Suffering from chronic illness, Shelton retired from the presidency of The Woman's Club in June 1939, having served sixteen years in the position. Shelton has been eulogized as "the personality that animated and combined all the facets of Club activities...With her death in 1939, an era of the Club which can never be recaptured passed from the community."

==Civic involvement==
During the first decade of the twentieth century, Shelton was active with the city's Park League, serving on its Arbor Day and school gardening competition committees. Shelton was also active in Progressive Era politics, having been selected to represent Tarrant County at the 1920 state Democratic convention in support of Pat Morris Neff's gubernatorial campaign and the party's women's suffrage platform.

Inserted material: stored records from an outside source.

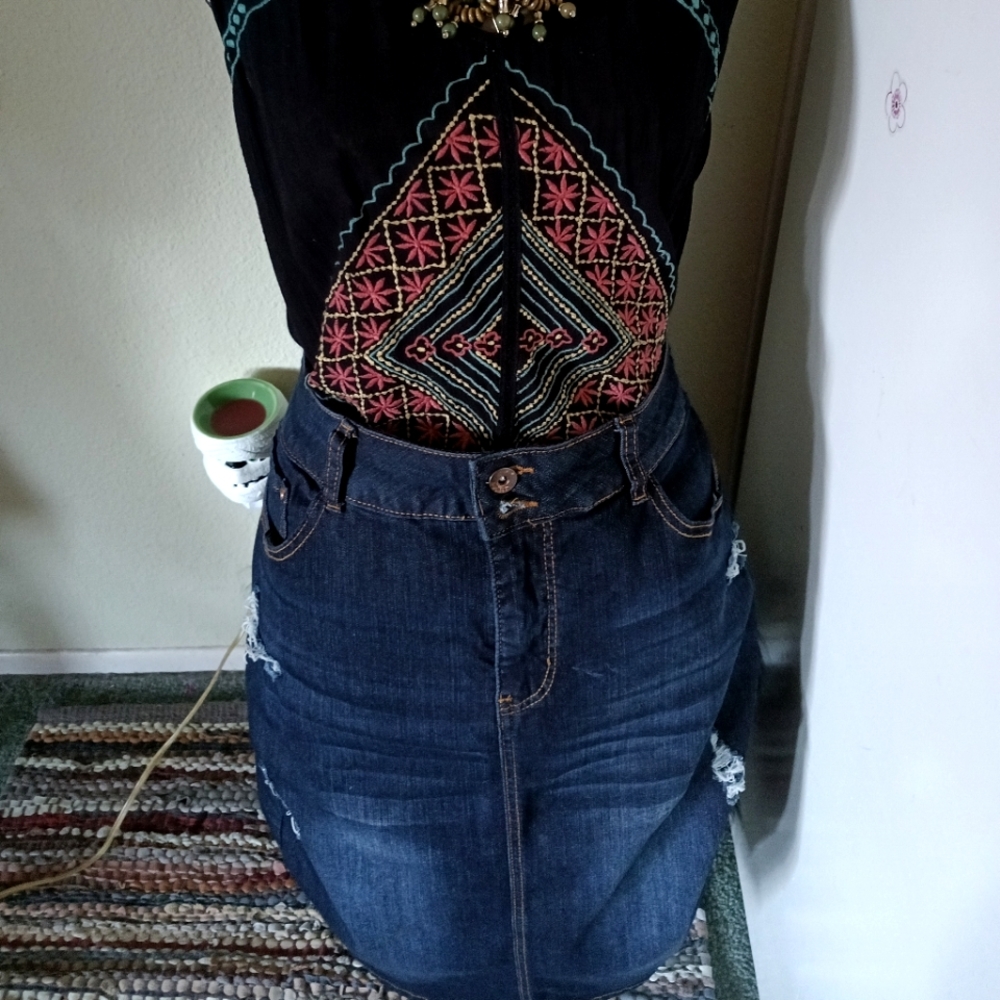 Plus size 2xl (16) faded and distressed denim pencil skirt.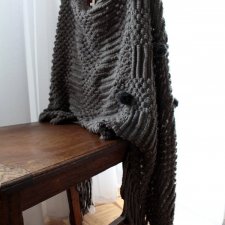 CIEPŁE PONCHO vintage na płaszcz szare PONCZO pompony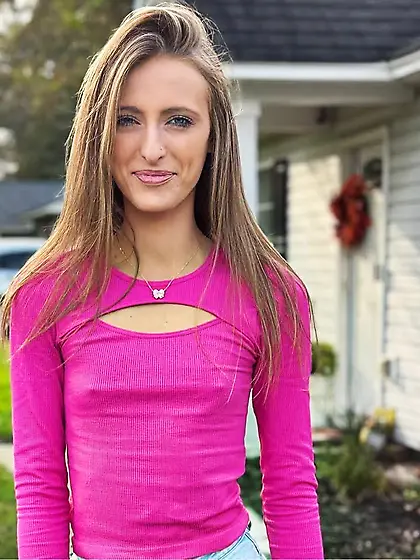 Follow in order.  I cum at the final pic.  :)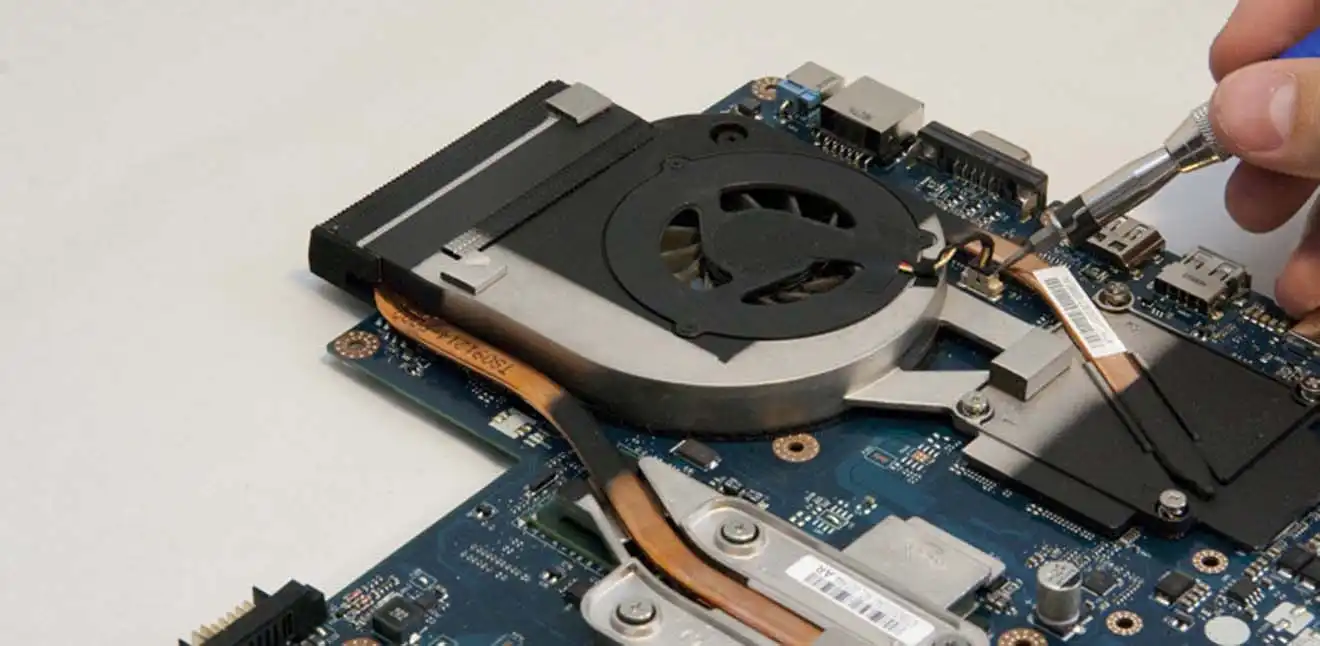 Чистка ноутбука Packard Bell от пыли в Челябинске | Замена термопасты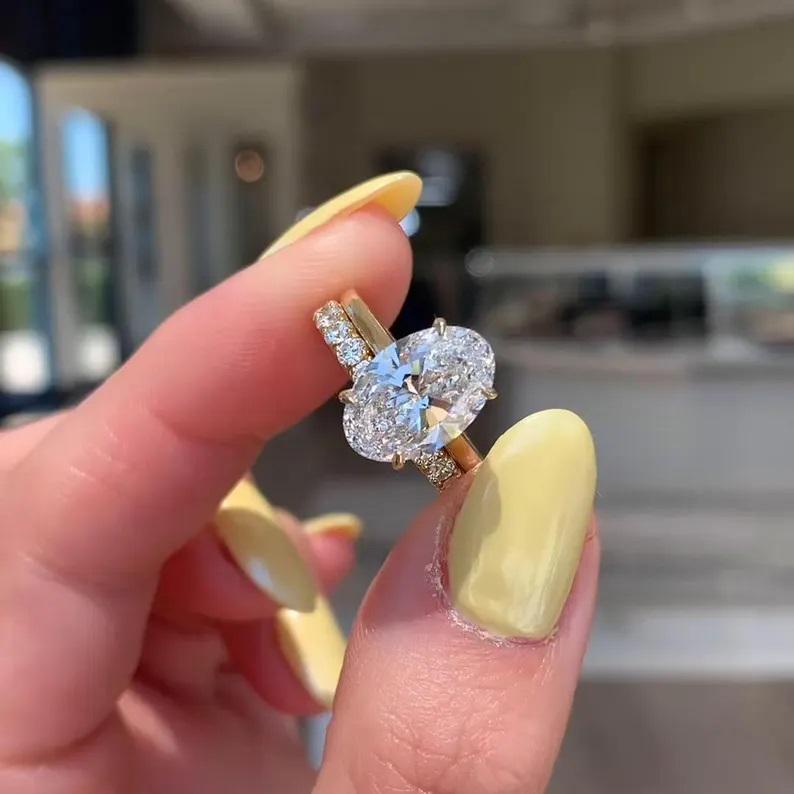 Oval Moissanite Engagement Ring Set | 14K Yellow Gold Bridal Set - Etsy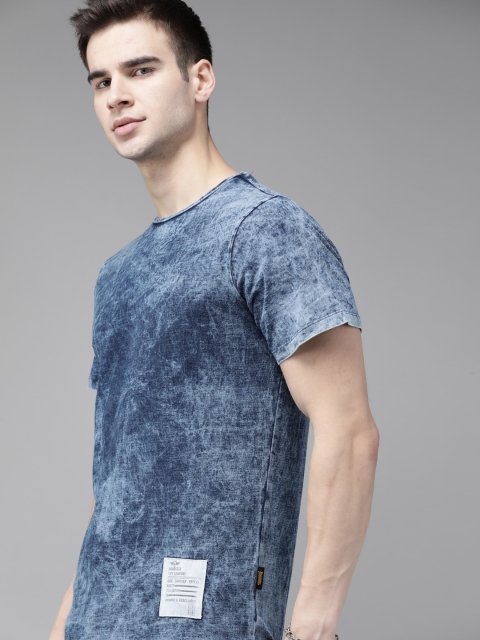 

The Roadster Lifestyle Co Men Blue Pure Cotton Dyed Round Neck T-shirt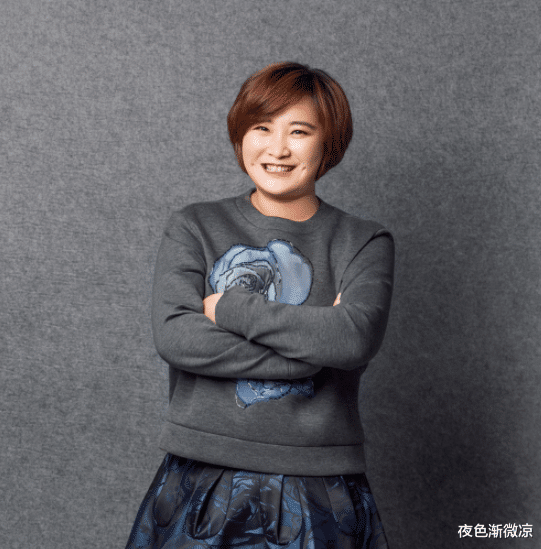 贾玲以前是不是很瘦(贾玲瘦下来有多漂亮)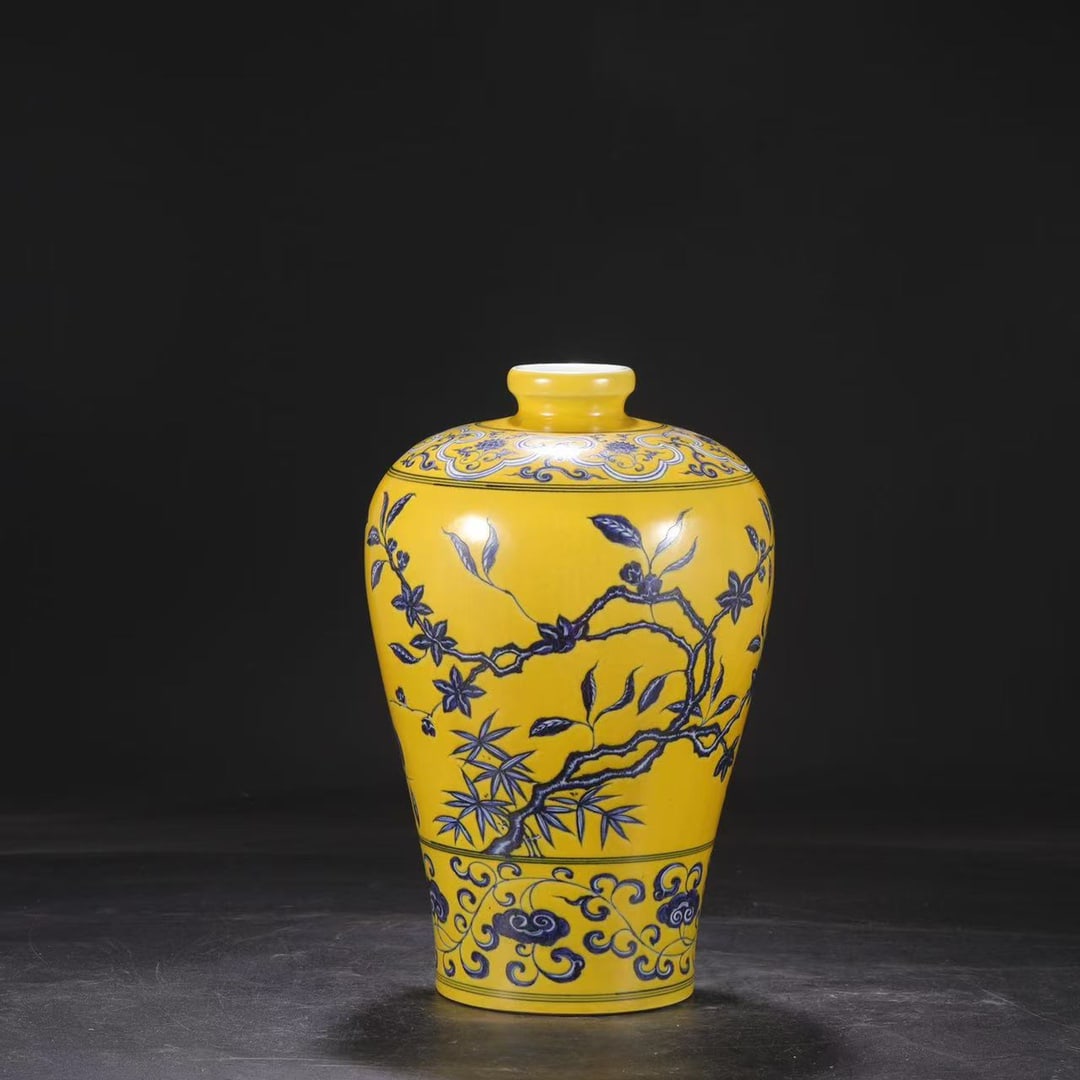 An Exquisite Blue and White Lotus Pattern Flower Pattern Vase - 2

Shelton was on the board of the Fort Worth Library Association and the Fort Worth Art Association, which organized the city's first public library and art museum, though she was often at odds with library director and fellow clubwoman and suffragist Jennie Scott Scheuber. In 1922, she was among the trustees of the Fort Worth Library Association who petitioned for an amendment to the city charter in an attempt to maintain the Association's control of the library and protect it from municipal government politics.

==Death==
Shelton died at Cook Memorial Hospital on August 28, 1939, having suffered from arteriosclerosis for a number of years and enduring a ten-month hospital stay in 1937. Her simple funeral service, led by Reverend Albert Venting of Cleburne, was held at The Woman's Club of Fort Worth's Anna Shelton Hall. She was buried alongside her parents in the Shelton family plot at Pioneers Rest cemetery.